Some published data comes from hospitals, which of course would not reflect the general situation in the population, but at least is a step in the direction of documentation. Idris et al. from the Ayub Medical College in Abbotabad studied nearly 2000 febrile patients and found that over 7% had malaria parasites. While most cases were P. vivax, 24% were P. Falcuparun and 3% were mixed. In Karachi, Beg et al. documented among over 500 patients hospitalized that P. vivax and P. falciparun were found in almost equal measure (52% and 46%). They expressed concern that many were treated with inappropriate medicines, showing a need for updating pre-service and in-service training.
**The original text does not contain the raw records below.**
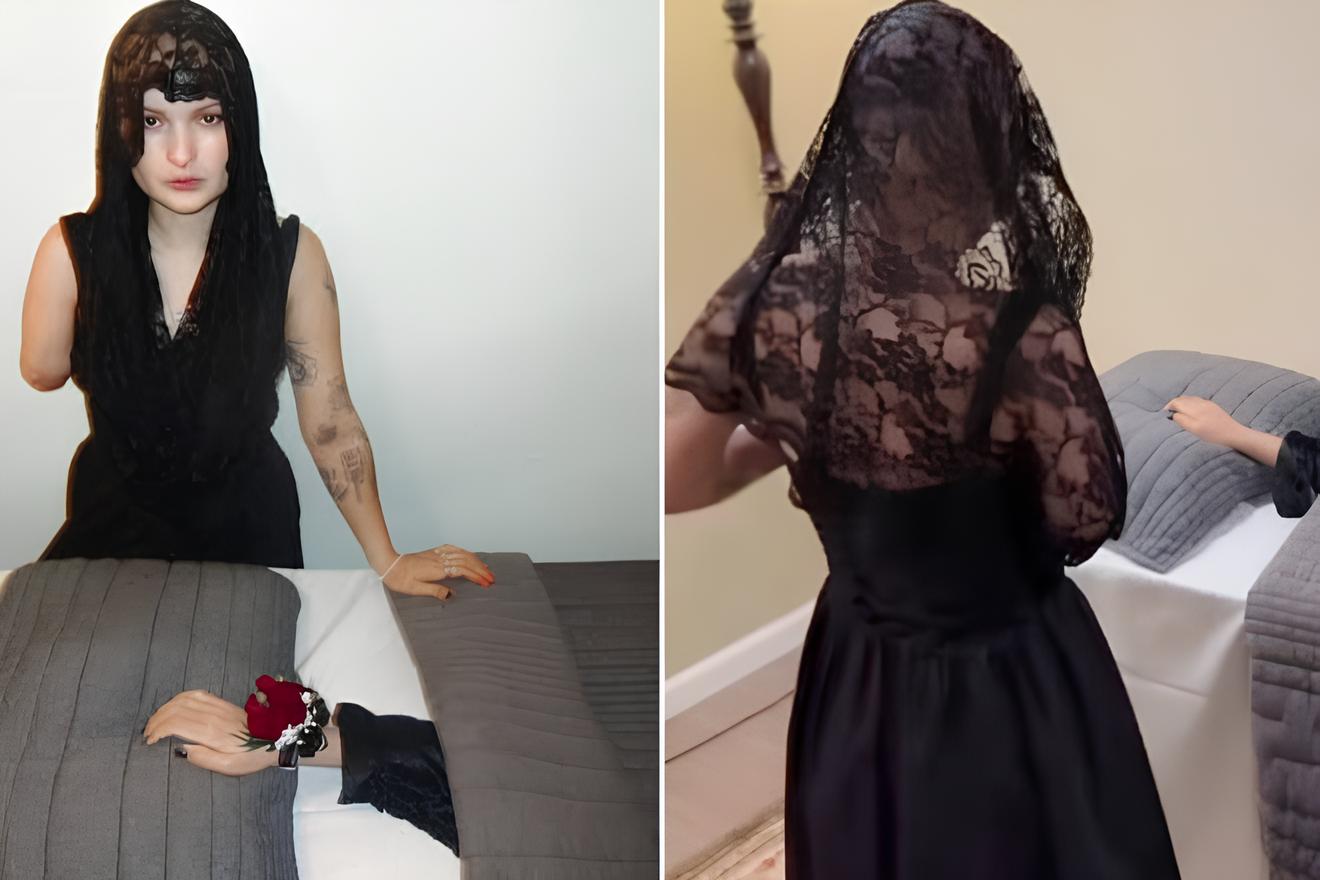 Com câncer raro, tiktoker faz “funeral” para braço após amputação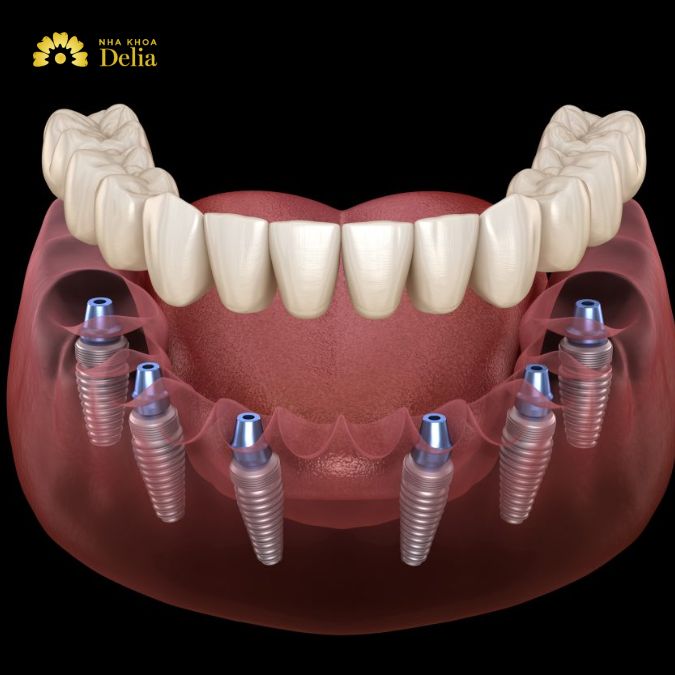 What is the all in one Implants technique and is it good?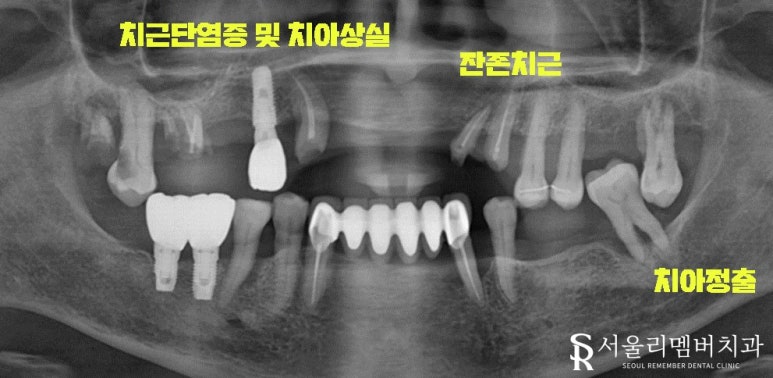 빠져버린 치아 그대로 내버려 두면 안모변형을 초래할 수 있습니다! 신림역 서울 리멤버 치과 관련 이미지 4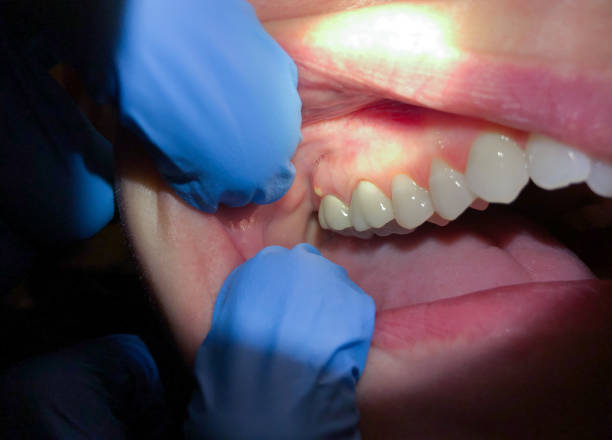 Best Broken or Chipped Tooth Repair in St Paul, NE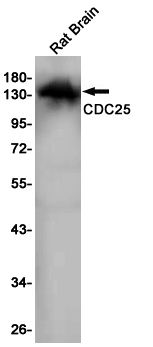 Rabbit monoclonal antibody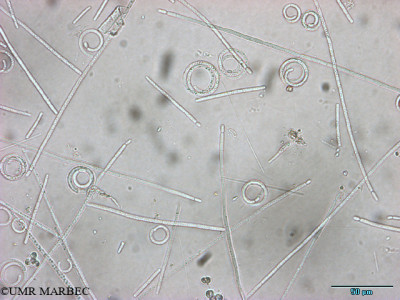 phyto/Mayotte/carriere/Retenues_collinaires_de_Mayotte  2006-2009/Planktolyngbya sp2 et Cylindrospermopsis sp (x40 Mayotte Carriere 60308.tif)(copy)_thumb.jpg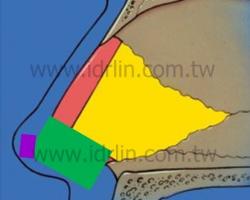 以人工骨做ESG韓式隆鼻可改善鼻頭下垂的問題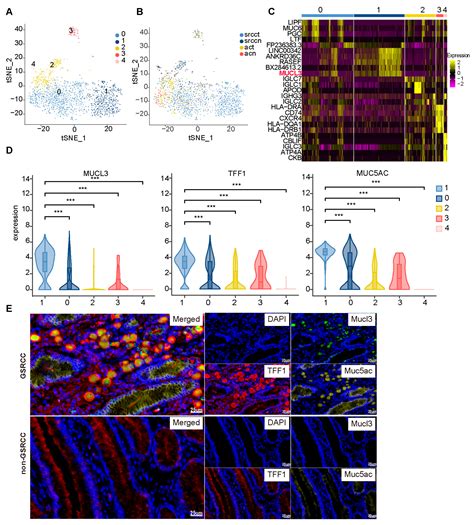 Single-Cell Transcriptomic Profiling Uncovers a Metastasis-Associated ...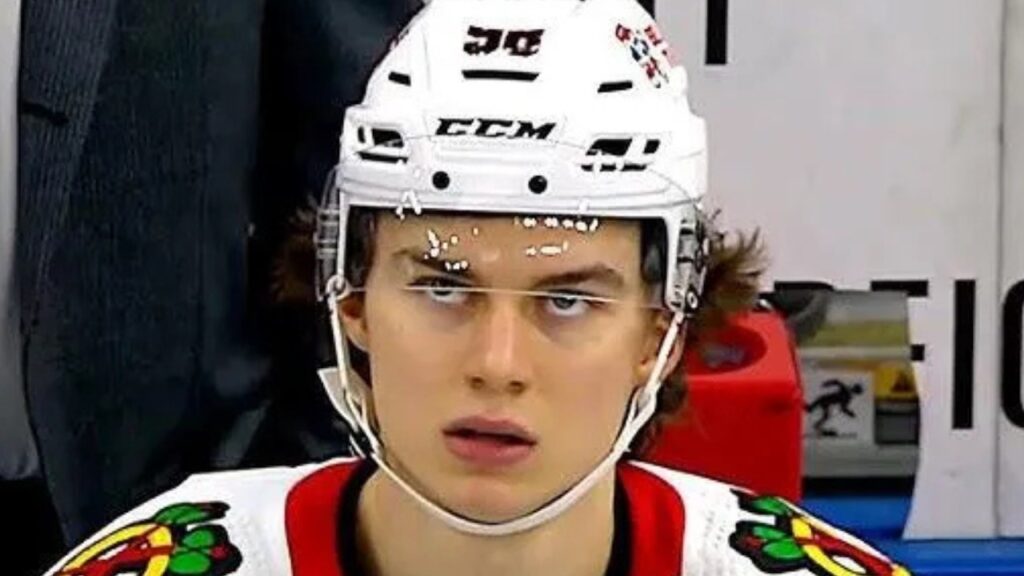 Is Connor Bedard REALLY Worth  Million?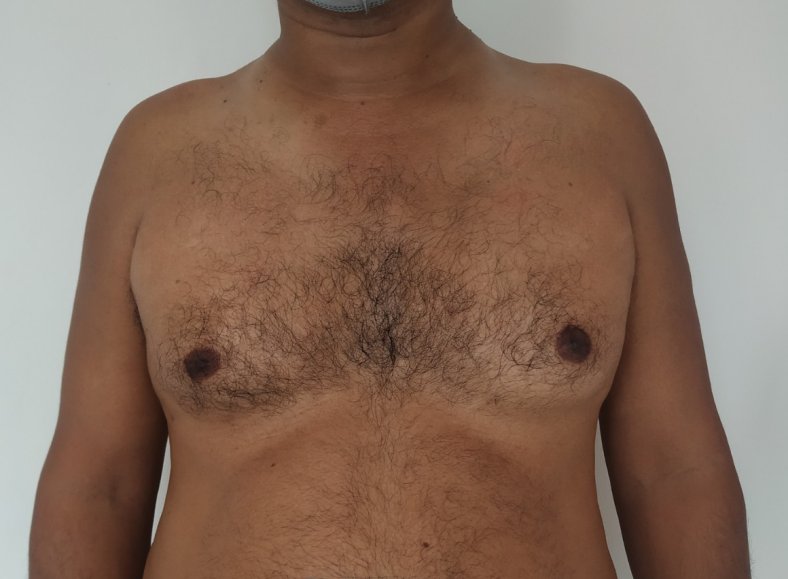 Before: Gynecomastia in a middle aged male with pendulous abdomen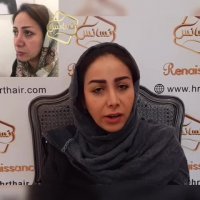 فیلم کاشت ابرو -کلینیک تخصصی رنسانس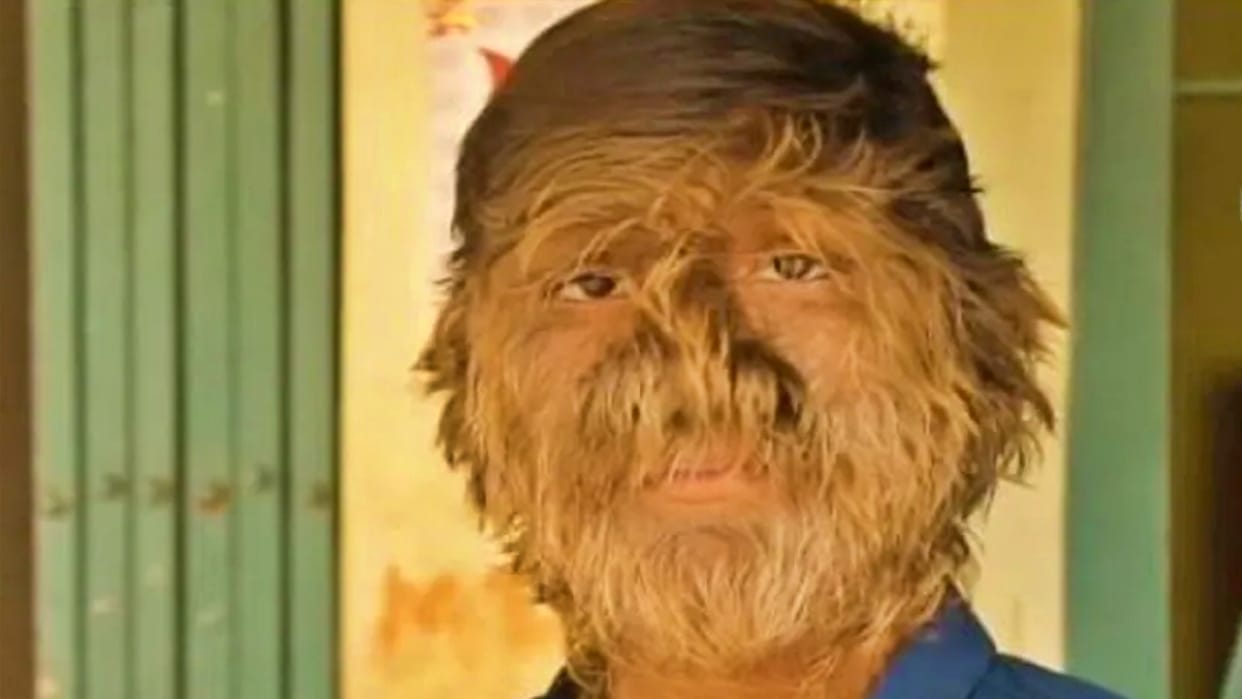 Ratlam Lalit Patidar who has long hair on his face People used to worship Hanuman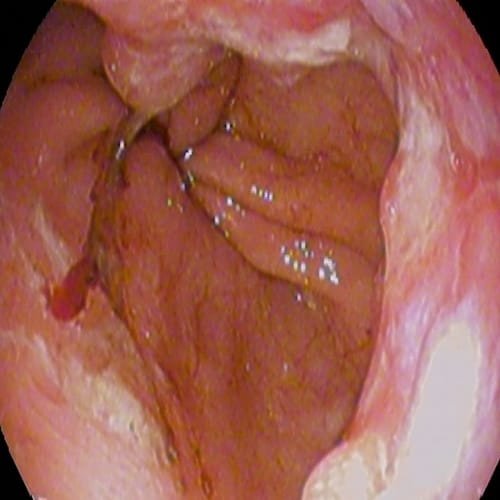 Gambar kanker kerongkongan esophageal bagian bawah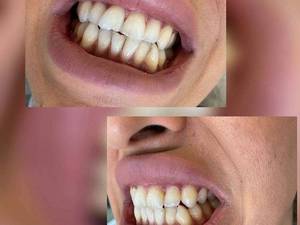 کامپوزیت حرفه ایی سعادت آباد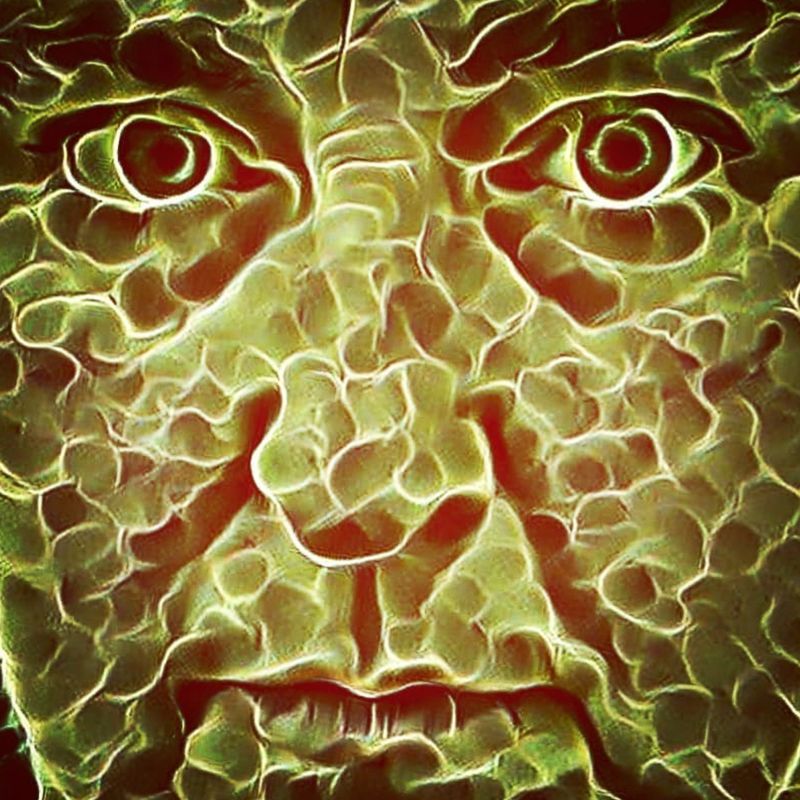 © JO SUTHERST - Image from the Addison's Disease - Behind the Smile photography project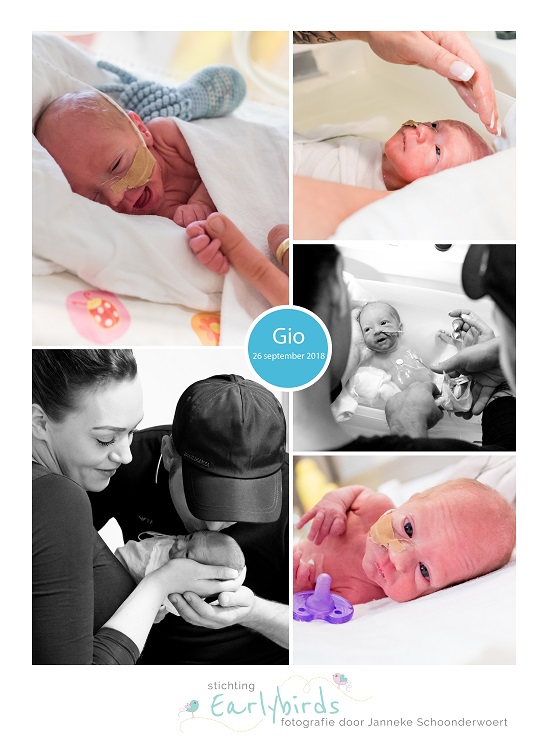 Gio prematuur geboren met 33 weken en 5 dagen, MKC Bergen op Zoom, zwangerschapsvergiftiging, couveuse, spoedkeizersnede, sonde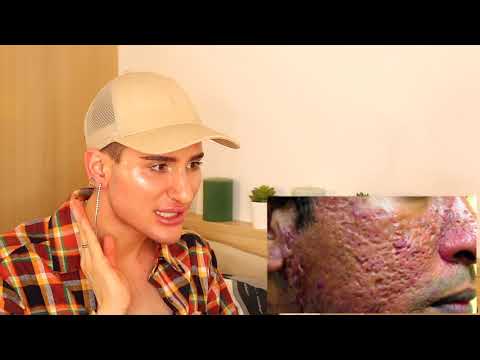 5 ways to remove acne scars - 5 ways to remove acne scars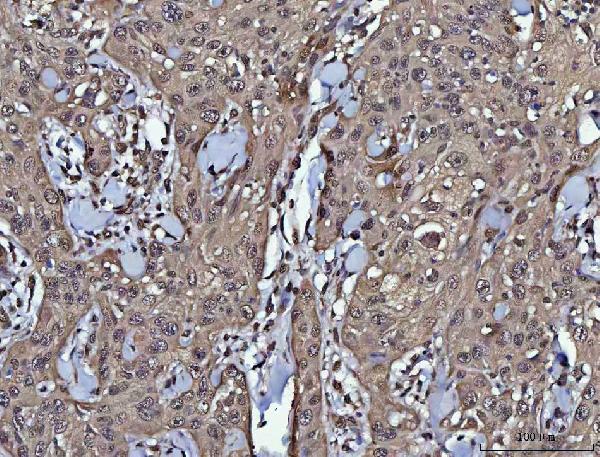 a06390 4 ppp4c primary antibodies ihc testing 6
Bhatti et al., looked at malaria in pregnancy in Karachi. The findings they reported included the following: “Two patients had an abortion. One of the following complications including, threatened abortion, preterm labour, ARDS or Cerebral malaria, was observed in one patient each. Mean weight of babies born to cases was 2.8 kg (range 1.4-3.8) and of control babies was 3.2 kg (range 2.5-4.0 kg).” P. falciparum was identified as one of the risk factors for poor pregnancy outcome.

Among the 28 malaria Global Fund grants approved for Round 7, half came from regions outside Africa. As international attention is turning more to malaria all over the world, it is important for all endemic countries to seek better population based data about their malaria situation so that appropriate interventions can be targeted most effectively.